Earthquakes and CGS

Earthquakes and CGS

NRC Shrugs off Earthquake Facts for CGS

NRC denies earthquake petition at site called Seismic Time Bomb—the Columbia reactor

New research indicates that Energy Northwest's Columbia reactor (background) may be at greater risk of earthquake damage than any reactor in the U.S.

By Michael Mariotte

New research indicates that Energy Northwest’s Columbia reactor (background) may be at greater risk of earthquake damage than any reactor in the U.S.

The Nuclear Regulatory Commission last week denied a petition filed by Oregon/Washington Physicians for Social Responsibility and other groups asking for a shutdown of Washington’s Columbia reactor until it demonstrates it can meet seismic standards.

The petition was based on a study that found that earthquake risks for the reactor have been greatly underestimated, as reported here in March. The NRC’s denial asserted that PSR had provided no new information and that the agency is already re-examining earthquake and flooding risks at the nation’s reactors, including Columbia. Flooding is a related issue at the site since it sits downstream from a major dam that could be affected by an earthquake and perhaps even without one—a major crack has been revealed in the dam.

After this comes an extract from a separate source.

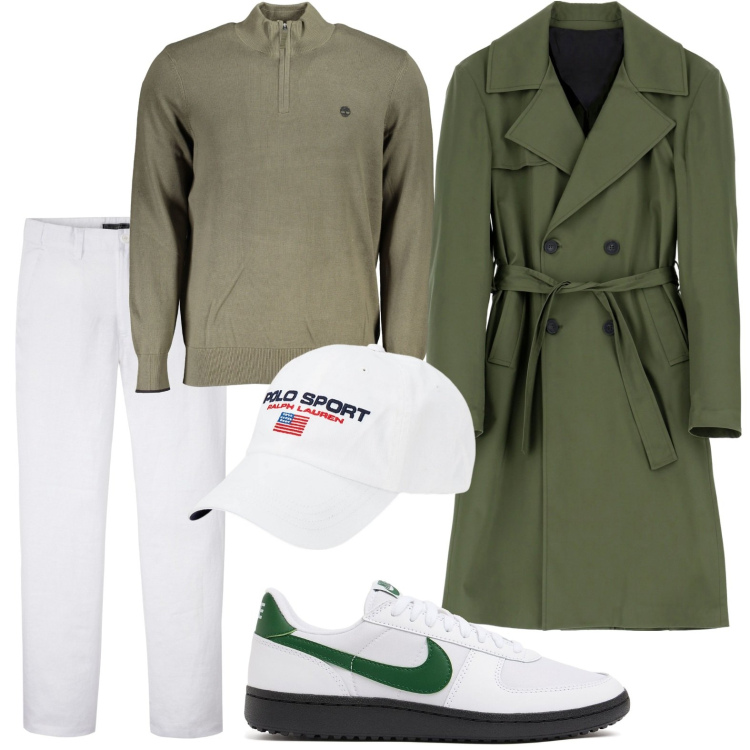 Outfit uomo - Il trench classico. Stile Urban per Tutti i giorni. Abbinamento con pantaloni, cappotti, cappelli, maglieria, sneakers.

It’s not only Columbia that is at risk here, however. It’s the entire sprawling Hanford nuclear reservation, home of leaking barrels of liquid high-level radioactive waste, a mélange of nuclear weapons production facilities and a clean-up effort currently projected by the DOE to take until 2090 to complete.

The NRC may have been premature in its determination that no new information about seismic risks in the region has been uncovered. A new study by scientists from the U.S. Geological Survey, to be published any day now in the journal Tectonophysics, found that the region’s geology could cause amplification of ground motion from distant earthquakes. As a consultant to PSR put it, “Past Hanford seismic hazard/risk assessments basically dismissed distant, large magnitude earthquakes as posing any potential threat to the Hanford Site facilities (including CGS). This article suggests that even a distal Cascadia megaquake could pose a hazard to Hanford Site facilities because of ground motion amplification! This is really a significant finding with regards to earthquake hazard assessment for the CGS/Hanford Site.”

PSR may file an appeal of the Commission’s denial based on this new information. Regardless of the NRC’s decision, however, it is clear based on the earlier PSR petition and the new study that the Columbia reactor is subject to far greater risk from earthquakes than originally designed. Indeed, as a General Electric Mark II reactor, its design is faulty on every level.